Teenage Mutant Ninja Turtles Figures
The foot soldiers and Splinter were also found at a car boot sale, this time at Eastbourne on a comic-making soujourn. We got up early in the morning after a late night at our friend Adam's wedding the night before, but it turns out it was worth it. A chap was selling them in bags for £1.25 a pop, and Ross and I took a punt. He ended up with that awful one with Donatello on a giant skateboard with a foot that pops out the front. It's now on display on his mantlepiece along with the rest of his motely toy collection. Shredder was cowering in the same basket as all the He Man suckas in the charity shop.
None of these guys have got all of their (admittedly shit) accessories, but they're all in good nick and the two big boys have got their respective cloak and robes. Plus Splinter's got his sword stick, which was the coolest thing about him. Turns out these are quite popular. I also bought a Baxter Stockman figure, but his fly wings were missing. He'll go into a 'mixed lot' of toys that I'm putting together to shift in one go (along with Whiplash). Anyway, they made a packet, and Shredder brought home nearly eight quid on his tod! Lad.
Bought for: £3.95
Sold for: £17.91

These Polly Pocket rip-offs did the business. Read on.
At the very same boot sale, I dug around in a box and found these. Remember them? Mighty Max? I had a snake one that I remember playing with for literally hours, back when I had an imagination and shitloads of free time. Anyway, it turned out that I was a Max and a caveman short. At a subsequent boot sale though, I found another box of stuff and, loading my hand to its absolute capacity, I asked the bloke if he'd take a quid for the lot. He agreed, no doubt impressed by my feat of grasping. The handful included said Max and also said caveman, and the rest is history. The short story is that these sets are now the second-highest-grossing thing I've picked up since starting The Finder. They are second only to those once-in-a-lifetime football cards, the shadow of which still hangs over this whole narrative.
Now, I've no idea why these made so much money. Individually, the sets weren't going for more than a few quid each. I think that the black one is a rarer version than the normal blue alien, and all of the sets are complete and in perfect condition so I suppose it was just a lucky combination.
Bought for: £4.25
Sold for: £44.53 (yes)

So what's the upshot? Well, as you can see, branching out into toys has brought some pretty earthquaking good fortune and no little cash. This puts my funds at about £125, which is pretty good considering that I've still got over £100 tied up in stuff that I've bought but can't sell.

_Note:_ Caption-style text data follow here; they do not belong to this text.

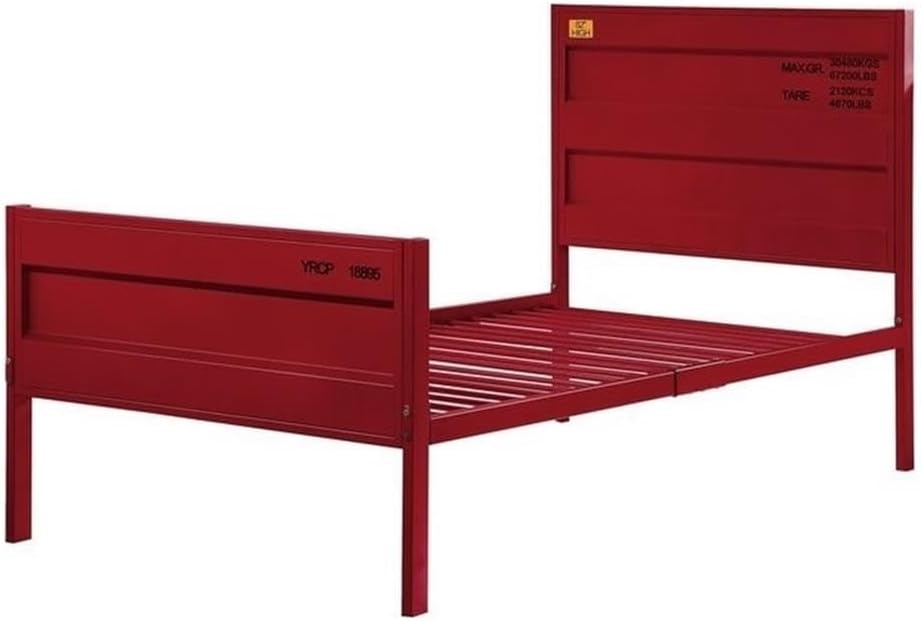 Cargo Twin Panel Kids Bed in Red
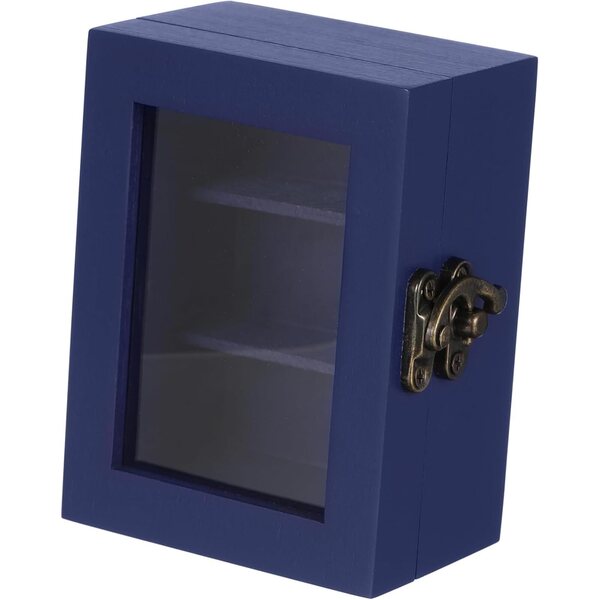 ERINGOGO Mini Libreria in Legno per Casa delle Bambole con Porta Funzionale e Chiavistello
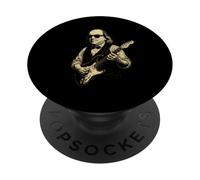 Ben Franklin Playing Guitar Funny 4th of July Retro Vintage PopSockets Adhesive PopGrip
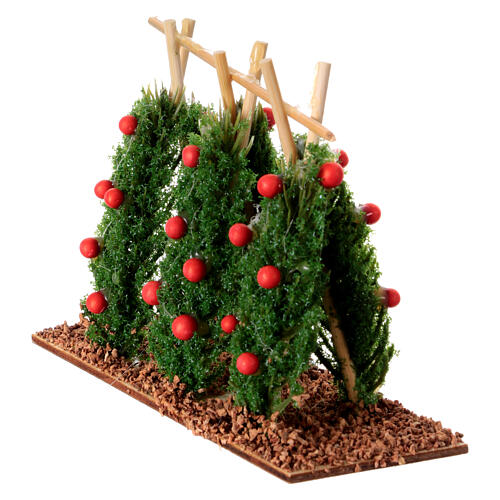 Vegetable garden with climbing tomatoes for 10-12 cm Nativity Scene 3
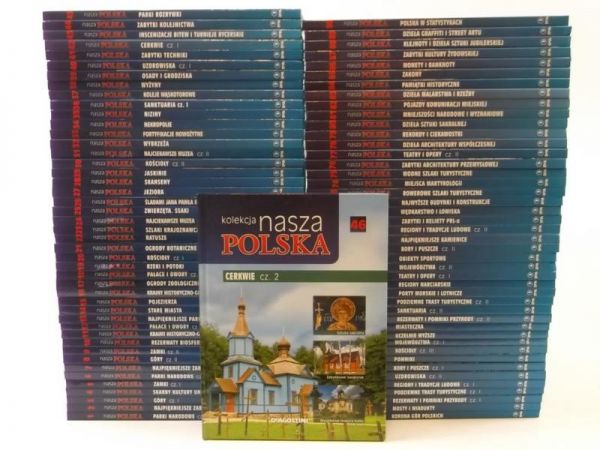 Kolekcja Nasza Polska, 90 tomów KOMPLET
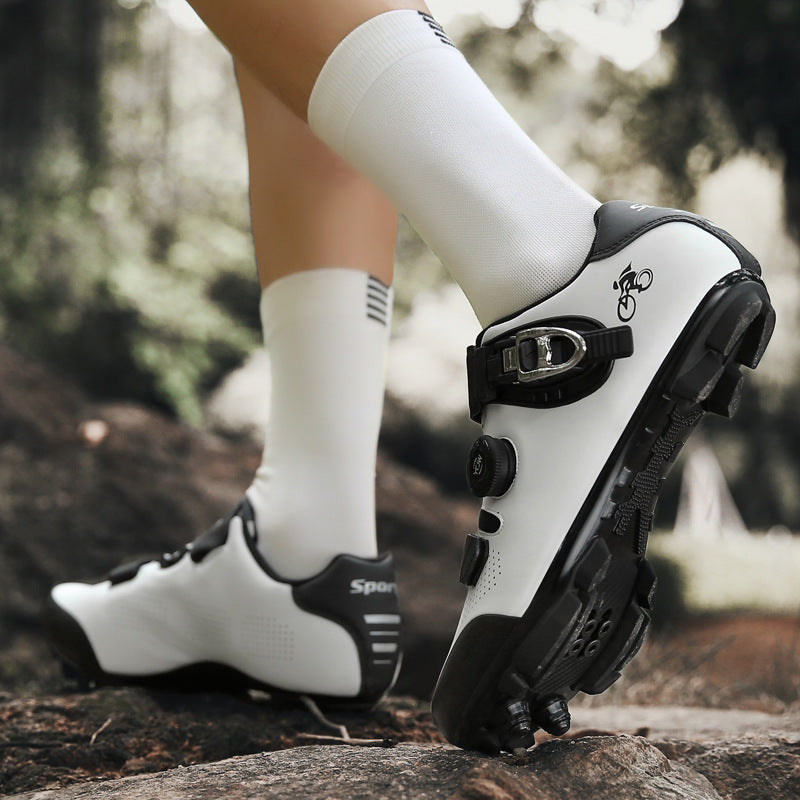Factory Direct Supply Cross-border plus size Riding Shoes Hard Sole Outdoor Mountain Bicycle Lock Shoes Breathable Road Bike Shoes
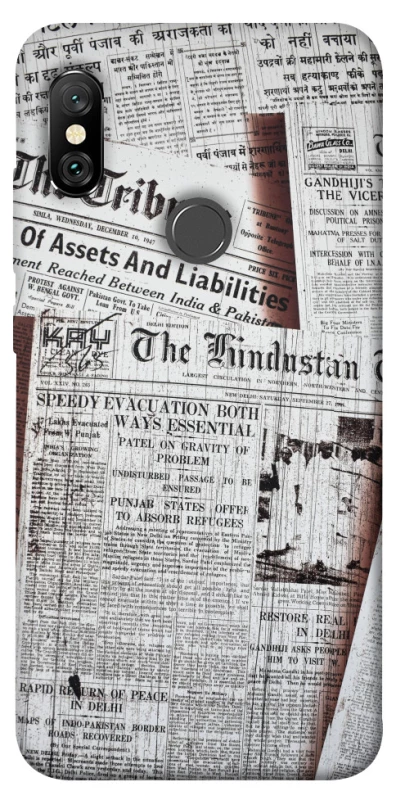 Чехол на Xiaomi Redmi Note 6 Pro Газеты фото 1 из 1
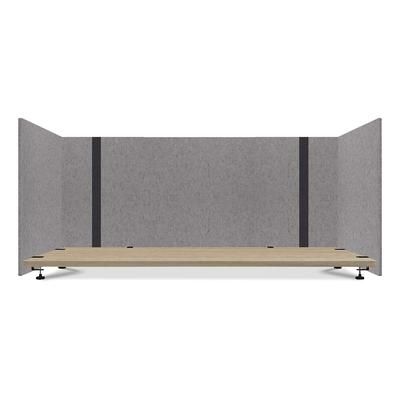 Lumeah LUAD48301G Adjustable Desk Screen with Returns, 48 to 78 x 29 x 26.5, Polyester/Nylon, Gray GN1LUAD48301G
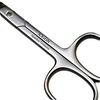 German AXiON Stainless Steel Baby Nose Hair Scissors (Rounded/Curved Tips) with a Premium Smoke Finish #slg007728fba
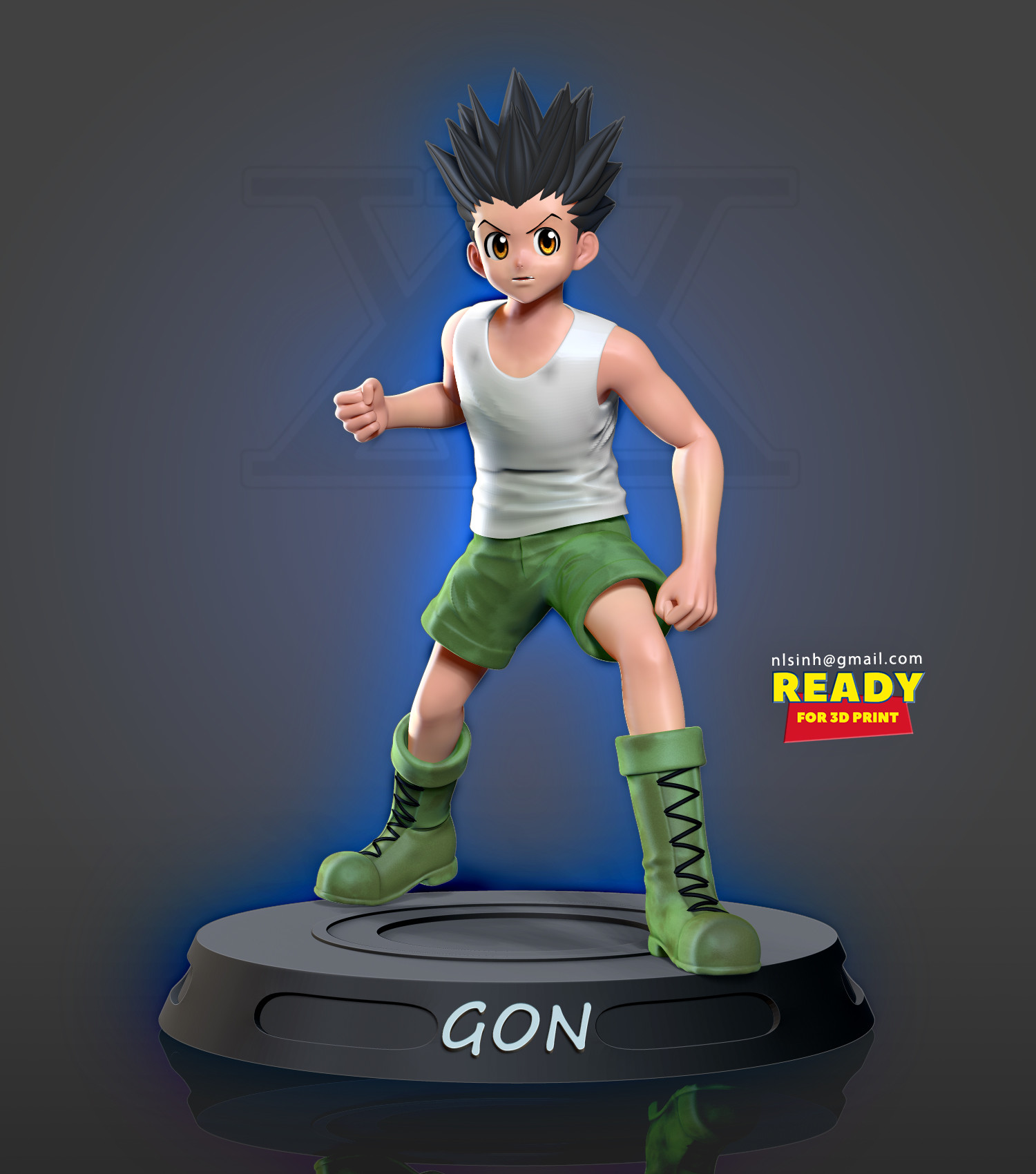 Gon Freecs and Ging Freecs Hunter x Hunter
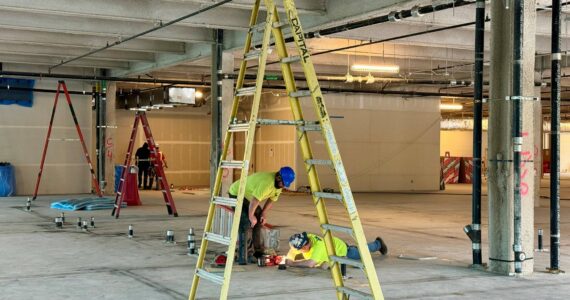 Workers for Sellen Construction begin building the Cancer Center at Renton’s Valley Medical Center. Phase 1A of the project is expected to be complete in early 2025. Courtesy image.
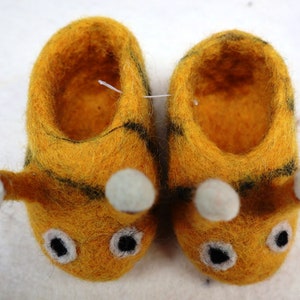 10 CM Handmade Snail Design Booties-Wool Booties-Felted Toddler&#39;s Shoes-Children&#39;s Booties-Unisex  Booties & Shoes
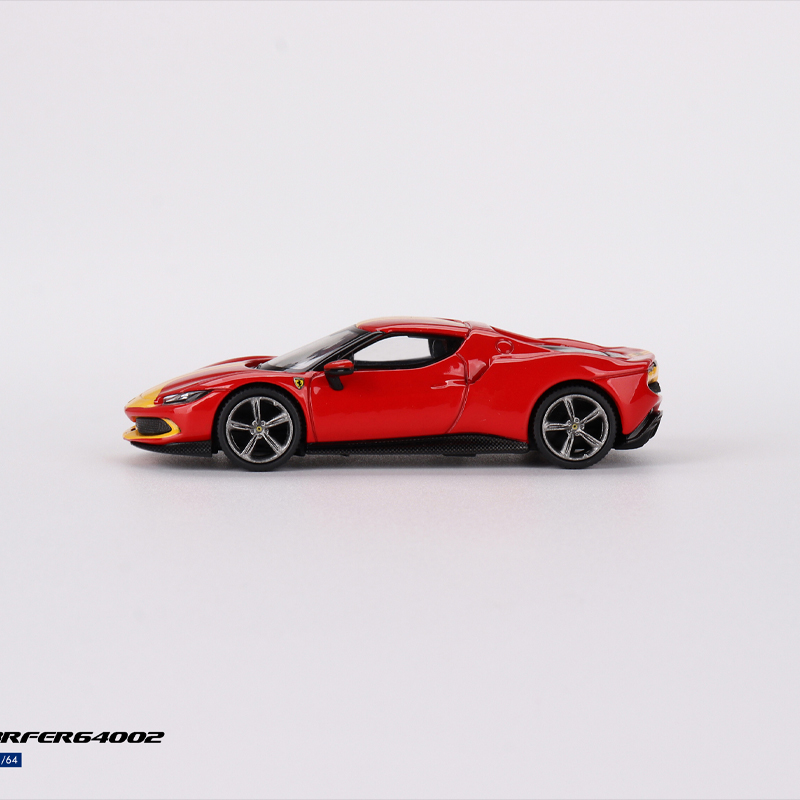 限量收藏法拉利 Ferrari 296GTB BBR原厂 1:64仿真合金汽车模型-图0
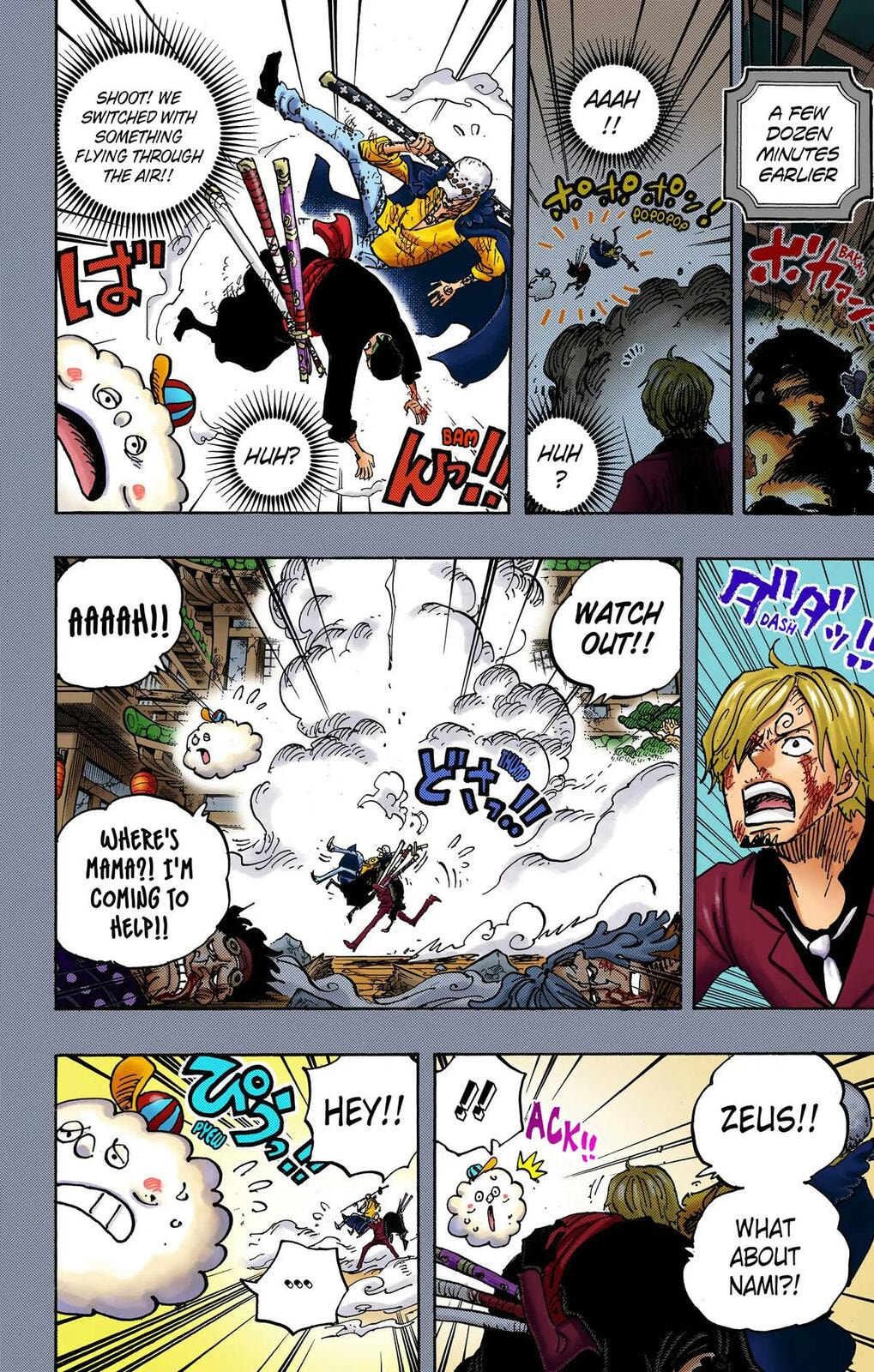 Read One Piece (Colored) chapter 1012 image 7 on Lezhin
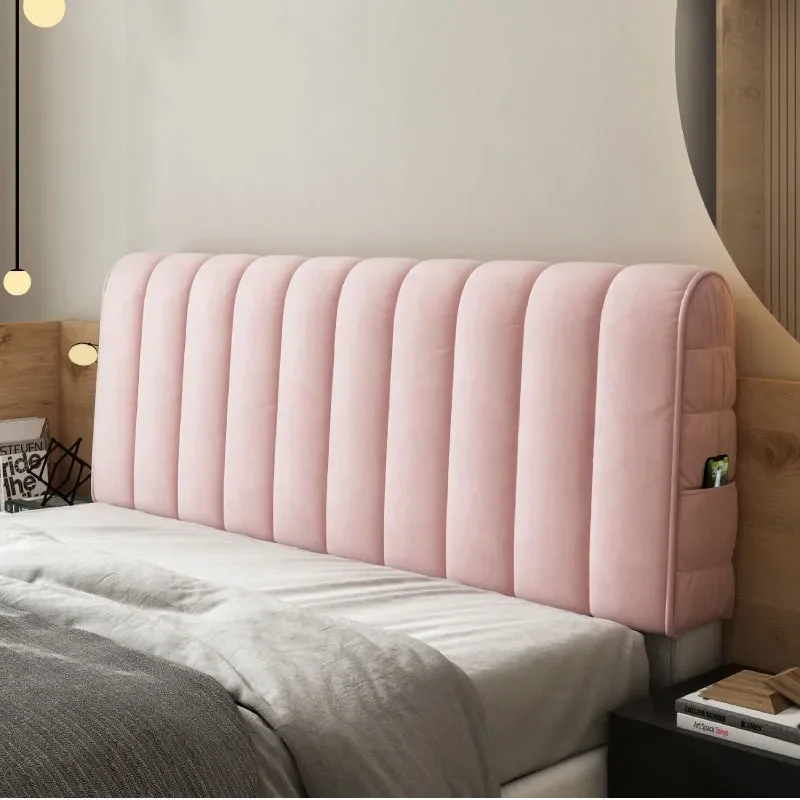 Профессиональное высококачественное короткое плюшевое покрытие изголовья кровати - мягкий утолщенный бархатный стеганый чехол для кровати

Chiefs among these obstinate items are of course the four sets of ancient cigarette cards that I bought in a rush of idiocy and have discovered to be worth a great deal less than I paid for them. The good news is that I've found a guy in Eastbourne who might well buy them off me for a not-criminally-low price. So more news on that in a couple of months when I make it down there again.

Also sitting on funds and refusing to budge are these two bits:

A ball signed by the Wolverhampton Wanderers team of sometime around 2002-2004, and a pair of boots signed by Nigel Quashie when he was at West Brom. I paid £25 the pair, but despite listing them on Ebay twice, I've had no takers. Bit stuck for what to do with these, but I might have to tout them around some club-specific message boards and see if anyone's into it.

Sunday, 29 July 2012

Well, after a medium-sized hiatus and still with the monkey of those confounded ciggy cards on my back, it's time for an update. I've finally made it along to a proper car boot sale and sold stuff that I found there. Not a raging success but a big step on the road to recovery nonetheless. Here's how it went.
The idea of a) buying quality and b)sticking with what you know was ignored when buying up that lot of what was, essentially, paper on my last outing. So, with this in mind, I ventured out with my available funds withered to £35 and was determined to follow the more feasible maxim, namely b).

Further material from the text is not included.